*What this task involves*. Look in the data below for the line that has "Ford F-150 Raptor", then print exactly every line from there through the line that has "Patchkabel Cat6A S/FTP", leaving pictures out.

*Source material*.
• • • • •

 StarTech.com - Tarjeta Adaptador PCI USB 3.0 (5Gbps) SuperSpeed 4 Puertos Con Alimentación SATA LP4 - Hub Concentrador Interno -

• • • • •

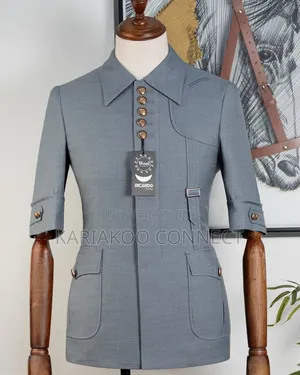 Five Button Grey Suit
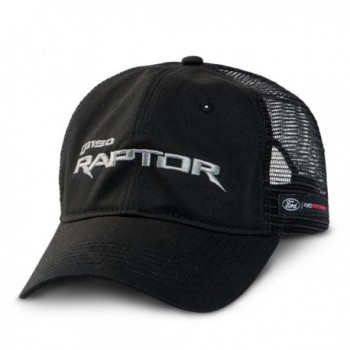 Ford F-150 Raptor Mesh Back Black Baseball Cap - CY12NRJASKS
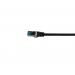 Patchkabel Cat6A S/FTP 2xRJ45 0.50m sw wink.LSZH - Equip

• • • • •

*Response to the exercise*.
 Ford F-150 Raptor Mesh Back Black Baseball Cap - CY12NRJASKS
 Patchkabel Cat6A S/FTP 2xRJ45 0.50m sw wink.LSZH - Equip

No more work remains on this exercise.